So I'm working on a Les Paul, but I'm doing things slightly different with the wiring. Basically what it boils down to though is that I'm doing 2-volume/1-tone. So that means I'm going from pickups, to volume pots, to toggle switch, to tone pot and jack.

I've seen a lot of people recommend shielded wire from the toggle switch to the jack (for normal LP wiring), but I haven't seen anything about going from the pots to the toggle switch - should that be shielded as well? And in that case, would it work to use shielded 4-conductor cable (two in, one out, one ground) for the run from the pots to the toggle switch? Or would that cause issues with out-of-phase crosstalk messing with the signal?
 
The short answer is: shield anything that will carry signal that isn't ground/common/neutral, and tie the shield(s) to ground/common/neutral. The longer the wire, the more important is is. In a guitar/bass, that's usually anything over 1" long. Shorter runs aren't practical to shield.

The long answer is...

Any time you cause current flow through a conductor, you create a magnetic field. Conversely, any time you have a magnetic field near a conductor, you induce (generate) a current flow.

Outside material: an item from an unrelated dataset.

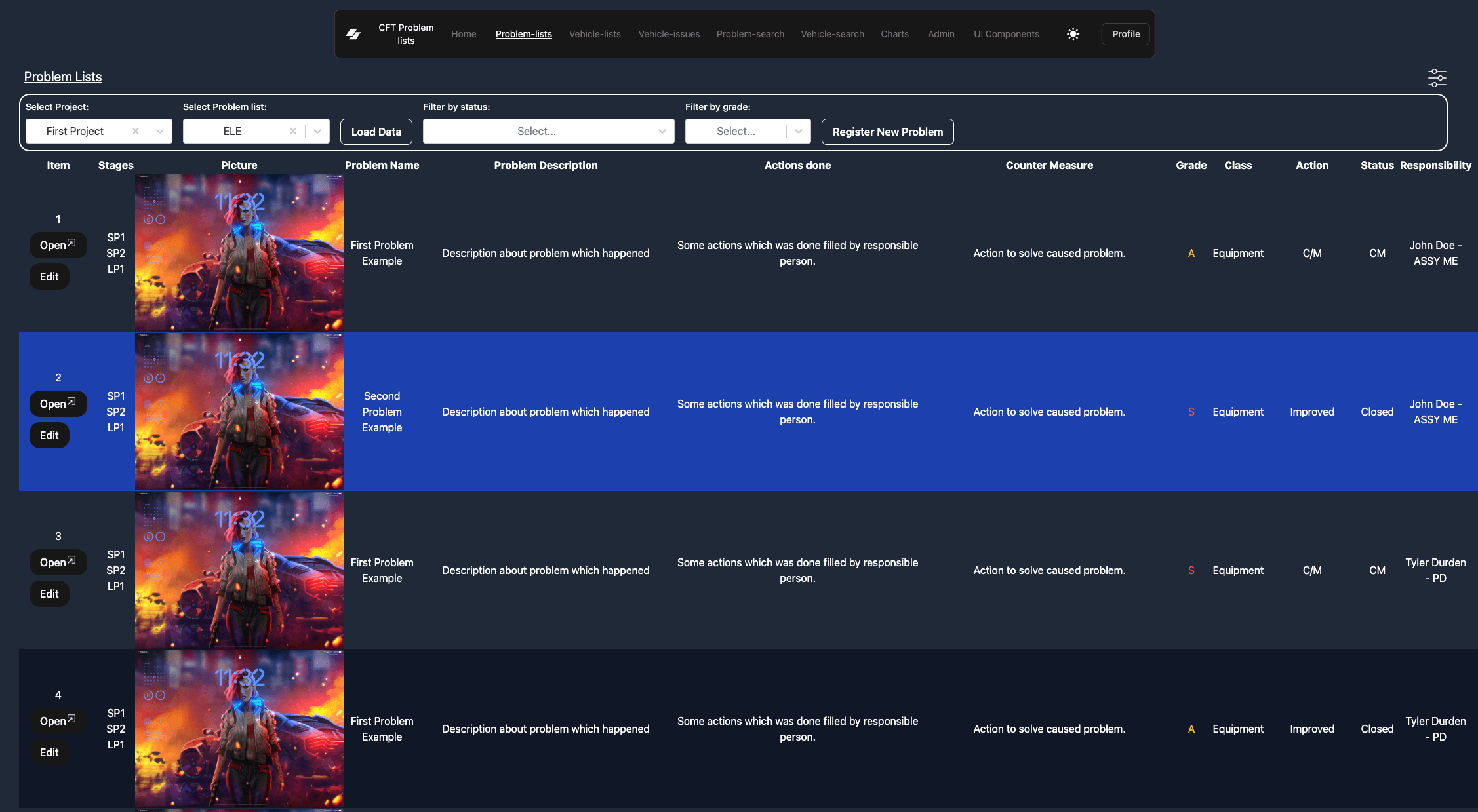 Screenshot of the CFT Problem List project.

Sometimes, you don't want that to happen. You may not want to interfere with another circuit, or have another circuit interfere with the one you're concerned with. In those cases, the interference is considered "noise" or unwanted signal, which at lower frequencies you can hear and it sounds like its name.

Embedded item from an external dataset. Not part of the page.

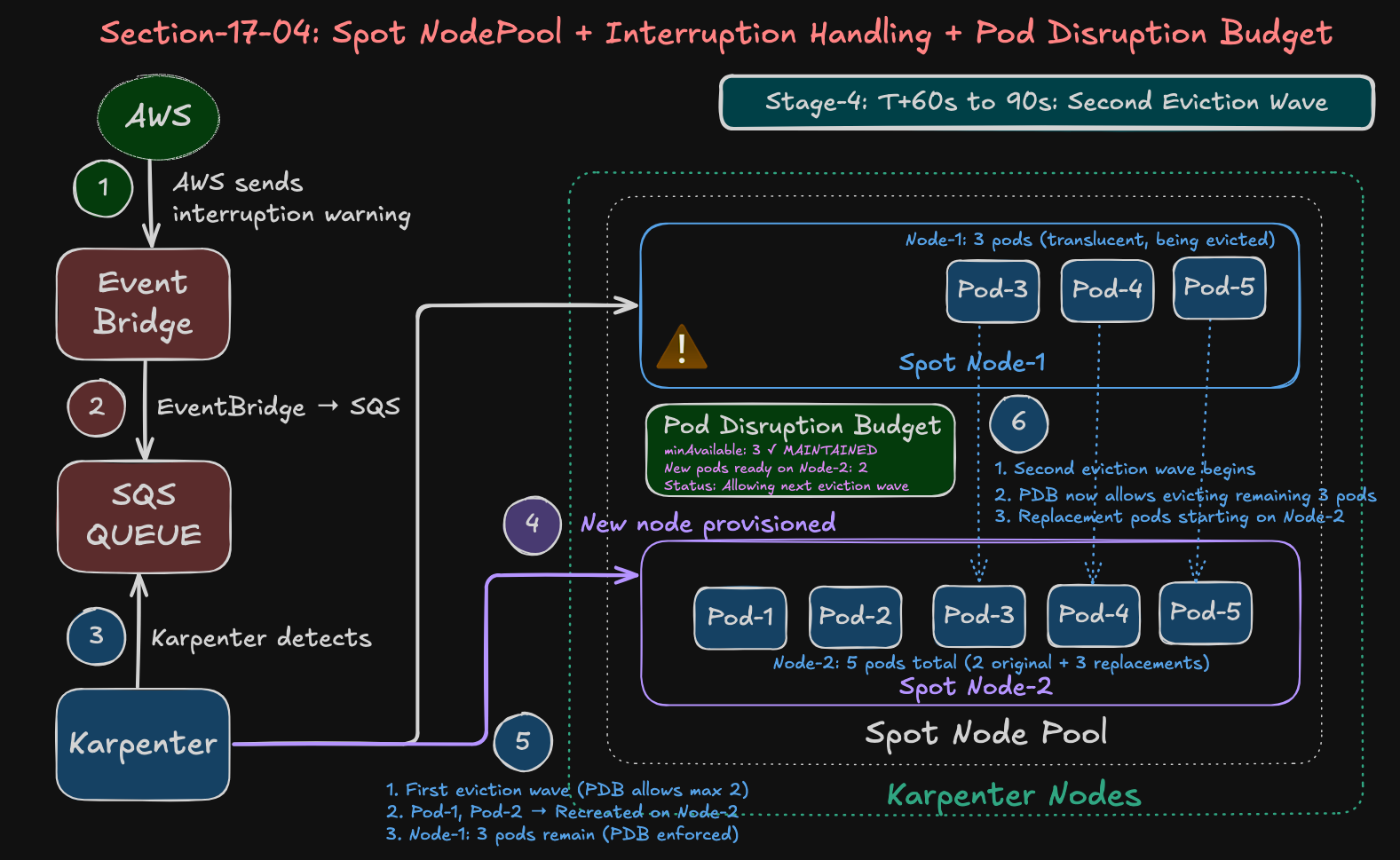 Karpenter Spot Instances - Interruption Handling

You have to think of EMI (ElectroMagnetic Interference) and RFI (Radio Frequency Interference) as a form of radiation, since that's what it is. Actually, they're both the same thing, but at different frequencies. That's another discussion.

You can't prevent the radiation - it's a physics thing. But, you can re-direct it. When you shield, what you're doing is picking up the radiation on purpose, and sending it to ground where it can't do any harm.

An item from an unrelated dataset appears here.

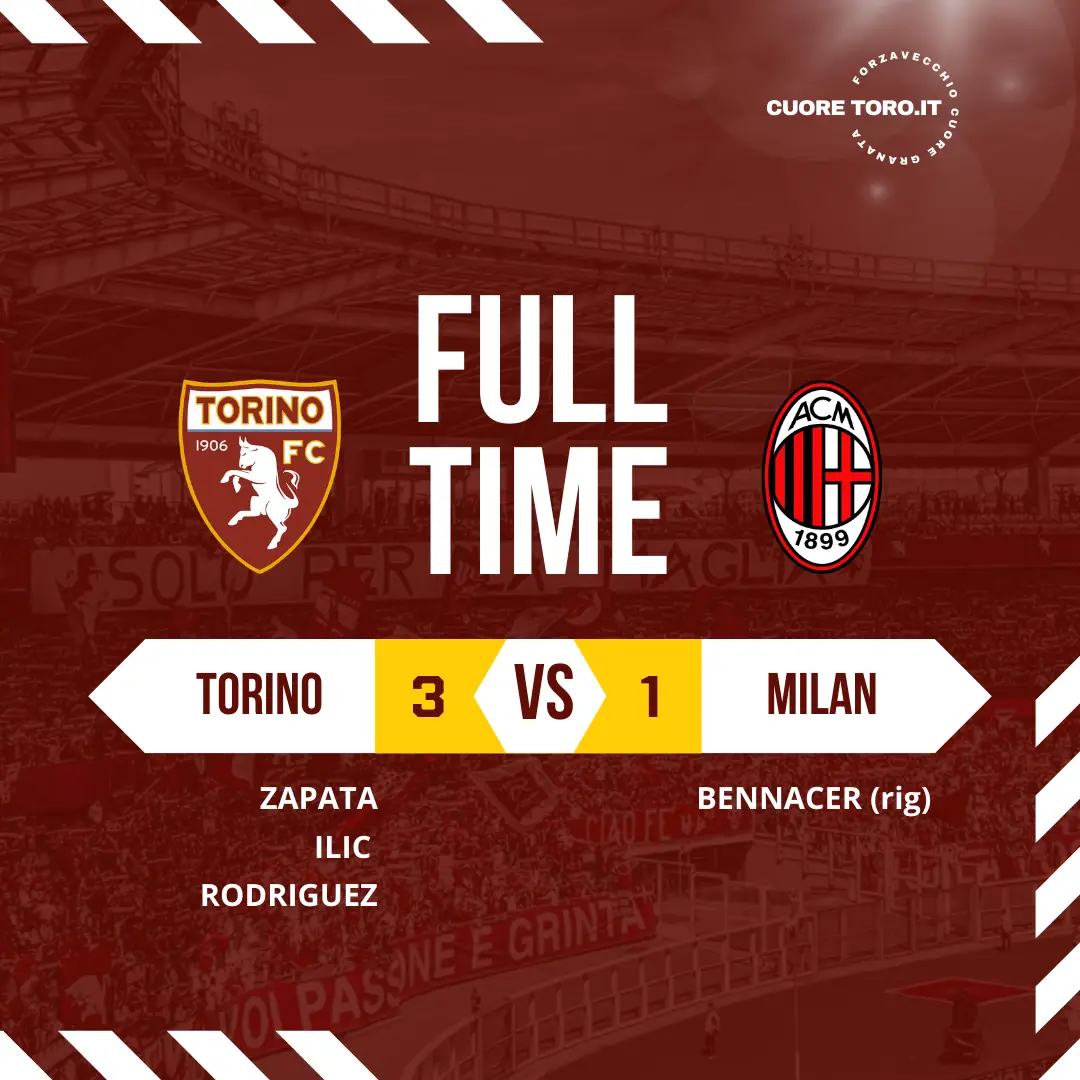 Torino Milan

So, if you have a conductor that's going to radiate (remember - anything with an electrical current flow), you wrap it in another conductor (the shield), and tie it to ground. The shield picks up that radiation, and drains it away to ground so nothing else is affected. That's not usually an issue in guitars. The current flows involved are very small.

However, the inverse is a serious issue in guitars/basses. The desired signal (from your pickups) is so small that your amplifier(s) have to be super-sensitive and have a great deal of gain to get the signal large enough to be useful. As a result, the incredibly weak interference all around you from building wiring and other devices gets amplified as well. But, the shield trick still works. Wrap your signal conductors with another conductor, and tie it to ground. And surrounding radiation is picked up by the shield first and gets drained away, leaving you nothing but signal. No noise, things are quiet, life is good. And fair.
 
NQbass7 said:
Alright, so shielding is yes. What's the verdict on 4-conductor?

That's fine. Desirable, even, for neatness' sake. Kills several birds with one stone.

The signal levels inside a guitar/bass are so small, there's effectively no such thing as self-interference or crosstalk, even if the wires are bundled within the same shield.